## LDA & LSA

**Using the above data analyze:**
1. TFIDF and TruncatedSVD
    - Use identiy the top 4 topics
    - most predominant topic for each document
2. CountVectorizer and LatentDirichletAllocation
    - From each topic, extract the top features
    - name of the top n topics
    - Label each document with the most predominant topic


**Classification using TFIDF vectors**
- Explore and predict the sentiment using https://www.cs.cornell.edu/people/pabo/movie-review-data

**Word Embedding**
- Create count based word embedding
- One hot embedding
- Word embedding using Gensim
    - Create a word2vec model using text from wikipedia https://en.wikipedia.org/wiki/Machine_learning
    - what are possible preprocessing
    - tokenization?
    - what is the trained vocab?
    - how to treat words not in vocab?
    - length of vector?
- interpret the output of the following

In [1]:
my_docs = ["The economic slowdown is becoming more severe",
           "The movie was simply awesome",
           "I like cooking my own food",
           "Samsung is announcing a new technology",
           "Machine Learning is an example of awesome technology",
           "All of us were excited at the movie",
           "We have to do more to reverse the economic slowdown"]

In [32]:
import warnings
warnings.filterwarnings('ignore')

from sklearn.feature_extraction.text import TfidfVectorizer
from sklearn.decomposition  import TruncatedSVD
from sklearn.preprocessing import normalize

## TFIDF

In [24]:
tfidf = TfidfVectorizer(stop_words='english')
tfidf_matrix = tfidf.fit_transform(my_docs)

In [25]:
tfidf_matrix.shape
# (m, n) = (No of documents, No of features)

(7, 18)

In [26]:
# View the features
features = tfidf.get_feature_names_out()
features

array(['announcing', 'awesome', 'cooking', 'economic', 'example',
       'excited', 'food', 'learning', 'like', 'machine', 'movie', 'new',
       'reverse', 'samsung', 'severe', 'simply', 'slowdown', 'technology'],
      dtype=object)

## TruncatedSVD

In [36]:
# Apply TruncatedSVD (LSA)
n_topics = 4
lsa_model = TruncatedSVD(n_components=n_topics)
lsa_topic_matrix = lsa_model.fit_transform(tfidf_matrix)
lsa_topic_matrix = normalize(lsa_topic_matrix, norm='l2')

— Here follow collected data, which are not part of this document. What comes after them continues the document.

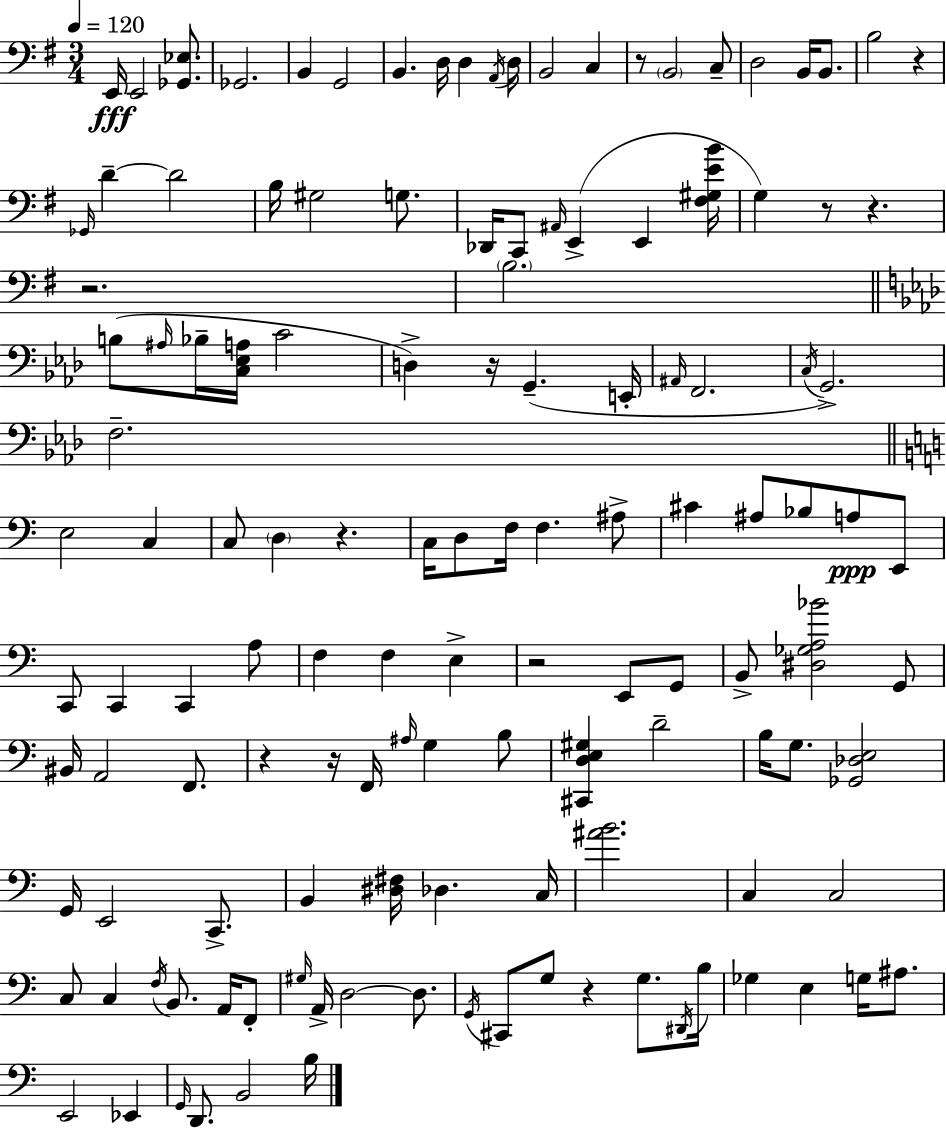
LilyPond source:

{
  \clef bass
  \numericTimeSignature
  \time 3/4
  \key e \minor
  \tempo 4 = 120
  e,16\fff e,2 <ges, ees>8. | ges,2. | b,4 g,2 | b,4. d16 d4 \acciaccatura { a,16 } | \break d16 b,2 c4 | r8 \parenthesize b,2 c8-- | d2 b,16 b,8. | b2 r4 | \break \grace { ges,16 } d'4--~~ d'2 | b16 gis2 g8. | des,16 c,8 \grace { ais,16 } e,4->( e,4 | <fis gis e' b'>16 g4) r8 r4. | \break r2. | \parenthesize b2. | \bar "||" \break \key aes \major b8( \grace { ais16 } bes16-- <c ees a>16 c'2 | d4->) r16 g,4.--( | e,16-. \grace { ais,16 } f,2. | \acciaccatura { c16 }) g,2.-> | \break f2.-- | \bar "||" \break \key a \minor e2 c4 | c8 \parenthesize d4 r4. | c16 d8 f16 f4. ais8-> | cis'4 ais8 bes8 a8\ppp e,8 | \break c,8 c,4 c,4 a8 | f4 f4 e4-> | r2 e,8 g,8 | b,8-> <dis ges a bes'>2 g,8 | \break bis,16 a,2 f,8. | r4 r16 f,16 \grace { ais16 } g4 b8 | <cis, d e gis>4 d'2-- | b16 g8. <ges, des e>2 | \break g,16 e,2 c,8.-> | b,4 <dis fis>16 des4. | c16 <ais' b'>2. | c4 c2 | \break c8 c4 \acciaccatura { f16 } b,8. a,16 | f,8-. \grace { gis16 } a,16-> d2~~ | d8. \acciaccatura { g,16 } cis,8 g8 r4 | g8. \acciaccatura { dis,16 } b16 ges4 e4 | \break g16 ais8. e,2 | ees,4 \grace { g,16 } d,8. b,2 | b16 \bar "|."
}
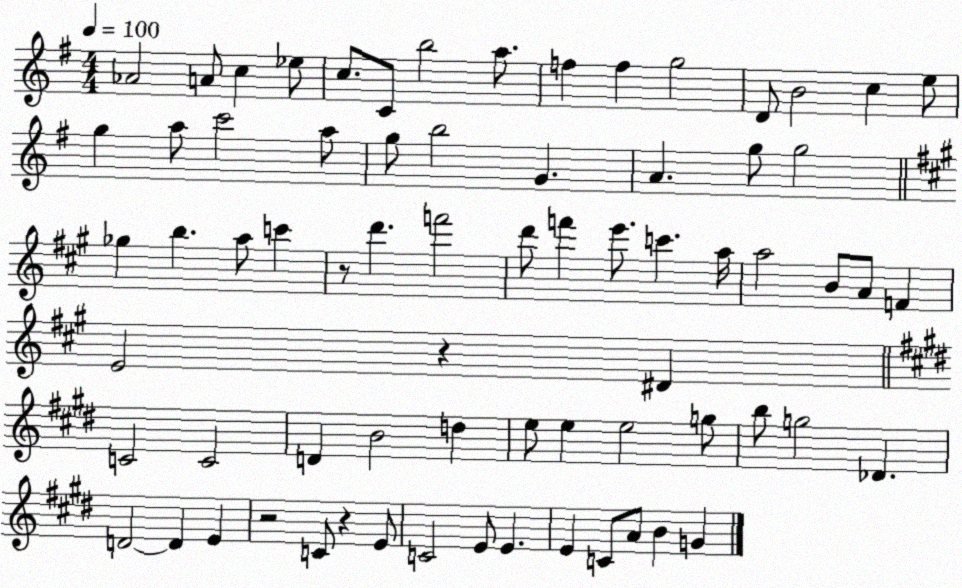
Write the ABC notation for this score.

X:1
T:Untitled
M:4/4
L:1/4
K:G
_A2 A/2 c _e/2 c/2 C/2 b2 a/2 f f g2 D/2 B2 c e/2 g a/2 c'2 a/2 g/2 b2 G A g/2 g2 _g b a/2 c' z/2 d' f'2 d'/2 f' e'/2 c' a/4 a2 B/2 A/2 F E2 z ^D C2 C2 D B2 d e/2 e e2 g/2 b/2 g2 _D D2 D E z2 C/2 z E/2 C2 E/2 E E C/2 A/2 B G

# Identify the top 4 topics
top_topics = []
for topic_idx in range(n_topics):
    top_words_indices = lsa_model.components_[topic_idx].argsort()[::-1][:4]
    top_words = [tfidf.get_feature_names_out()[index] for index in top_words_indices]
    top_topics.append(top_words)

print("Top 4 topics:")
for i, topic_words in enumerate(top_topics):
    print(f"Topic {i + 1}: {', '.join(topic_words)}")

Top 4 topics:
Topic 1: economic, slowdown, severe, reverse
Topic 2: movie, awesome, simply, excited
Topic 3: technology, samsung, new, announcing
Topic 4: like, cooking, food, excited


In [35]:
# Find the most predominant topic for each document
predominant_topics = lsa_topic_matrix.argmax(axis=1)

print("\nMost Predominant Topic for Each Document:")
for doc_idx, topic_idx in enumerate(predominant_topics):
    print(f"Document {doc_idx + 1}: Topic {topic_idx + 1}")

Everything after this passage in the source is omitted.